↓
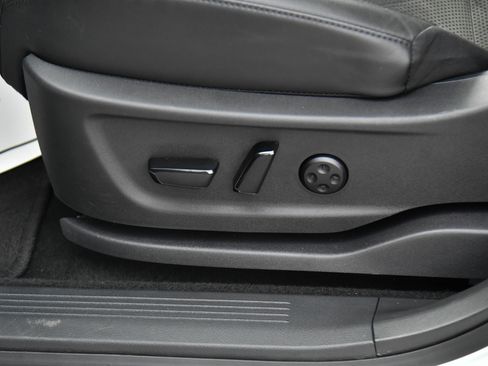 Used 2024 Nissan Ariya FWD image 16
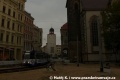 Po provizorní jednokolejce projíždí souprava vozů KT4D #306+#309, v pozadí s kostelem Frauenkirche. Všimněte si, že i po rekonstrukci zde zůstane zachována křižovatka s větví, umožňující případné pokračování tratě ve směru do Polska. | 28.10.2018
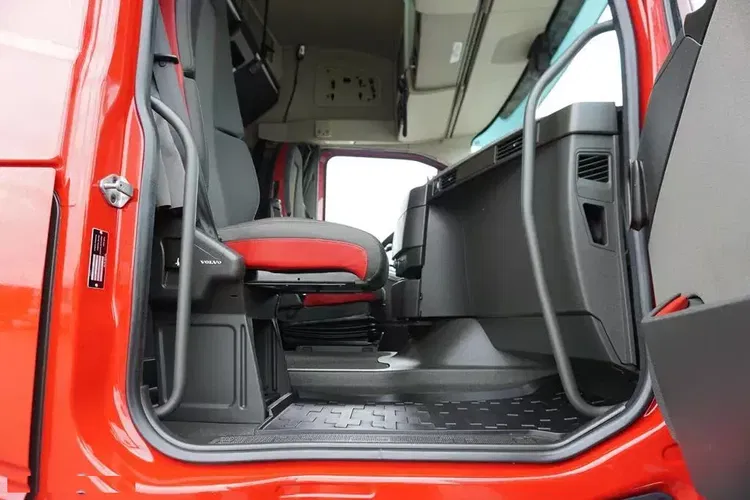 Volvo / FH 460 / ACC / EURO 6 / ZESTAW PRZESTRZENNY 120 M3 zdjęcie 25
↑
Work instruction: Word for word, reproduce the listing above; no image should be carried over.

Result for this exercise:
 Used 2024 Nissan Ariya FWD image 16
 Po provizorní jednokolejce projíždí souprava vozů KT4D #306+#309, v pozadí s kostelem Frauenkirche. Všimněte si, že i po rekonstrukci zde zůstane zachována křižovatka s větví, umožňující případné pokračování tratě ve směru do Polska. | 28.10.2018
 Volvo / FH 460 / ACC / EURO 6 / ZESTAW PRZESTRZENNY 120 M3 zdjęcie 25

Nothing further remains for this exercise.